DATA EXCERPT
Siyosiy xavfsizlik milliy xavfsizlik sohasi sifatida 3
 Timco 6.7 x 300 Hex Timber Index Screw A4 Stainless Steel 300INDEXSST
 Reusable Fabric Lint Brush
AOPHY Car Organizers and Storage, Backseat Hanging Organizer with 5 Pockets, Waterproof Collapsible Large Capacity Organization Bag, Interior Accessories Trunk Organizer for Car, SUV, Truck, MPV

ASSIGNED TASK
The listing is to be given again exactly, line for line.

REPLY
Siyosiy xavfsizlik milliy xavfsizlik sohasi sifatida 3
 Timco 6.7 x 300 Hex Timber Index Screw A4 Stainless Steel 300INDEXSST
 Reusable Fabric Lint Brush
AOPHY Car Organizers and Storage, Backseat Hanging Organizer with 5 Pockets, Waterproof Collapsible Large Capacity Organization Bag, Interior Accessories Trunk Organizer for Car, SUV, Truck, MPV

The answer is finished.